In the records below, reproduce exactly the lines from the one containing "12 Paia - Occhiali" through the one containing "Jean Spangler's 1949", both included, and omit the pictures.

═══ Extracted information ═══

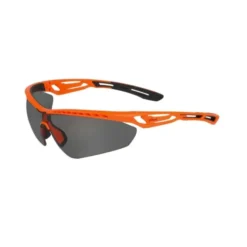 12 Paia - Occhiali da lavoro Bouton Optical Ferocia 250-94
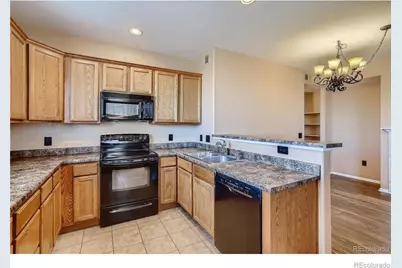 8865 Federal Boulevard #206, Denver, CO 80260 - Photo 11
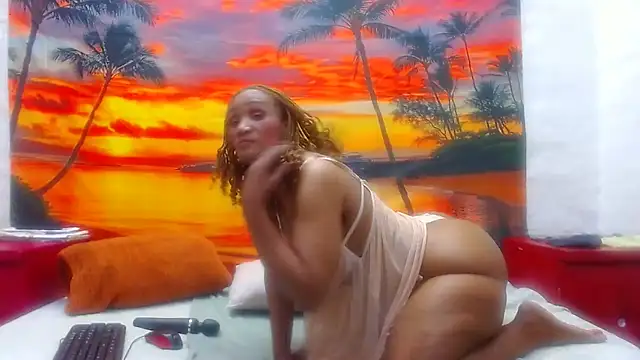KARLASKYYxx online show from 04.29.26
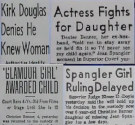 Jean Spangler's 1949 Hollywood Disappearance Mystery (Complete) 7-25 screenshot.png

═══
═══ Extracted information ═══

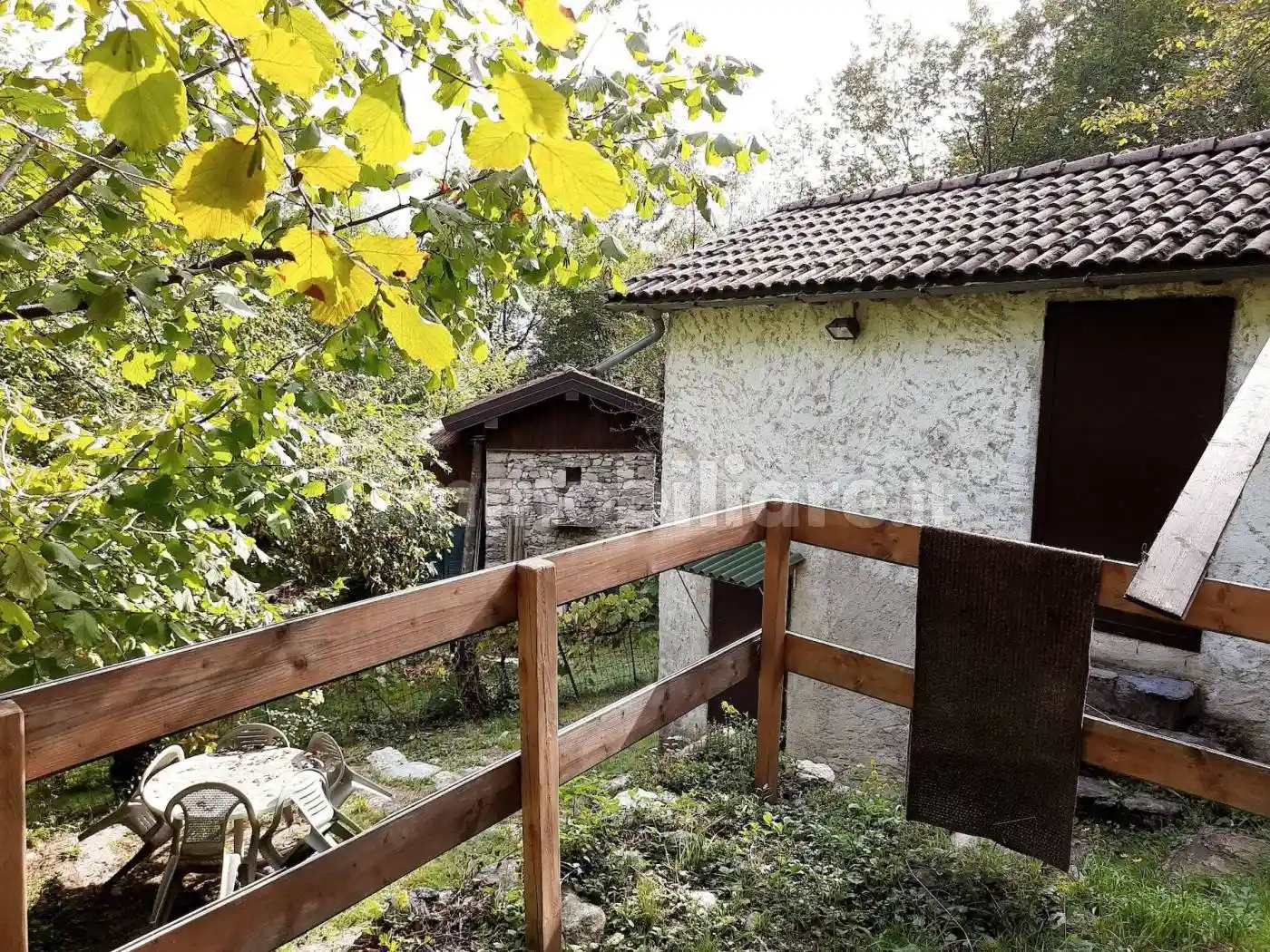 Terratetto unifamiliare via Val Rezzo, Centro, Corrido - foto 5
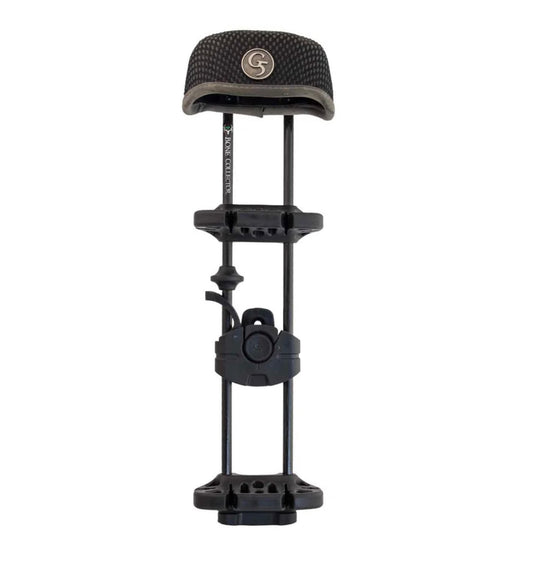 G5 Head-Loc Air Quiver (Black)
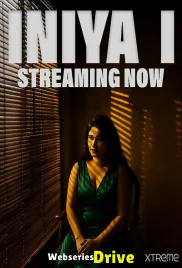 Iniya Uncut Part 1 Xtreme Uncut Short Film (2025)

═══
═══ Extracted information ═══

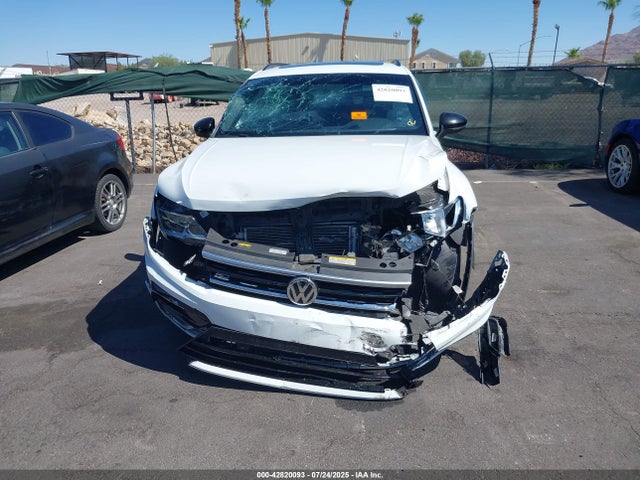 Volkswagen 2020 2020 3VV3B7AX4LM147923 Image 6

═══

Result for this exercise –
 12 Paia - Occhiali da lavoro Bouton Optical Ferocia 250-94
 8865 Federal Boulevard #206, Denver, CO 80260 - Photo 11
KARLASKYYxx online show from 04.29.26
 Jean Spangler's 1949 Hollywood Disappearance Mystery (Complete) 7-25 screenshot.png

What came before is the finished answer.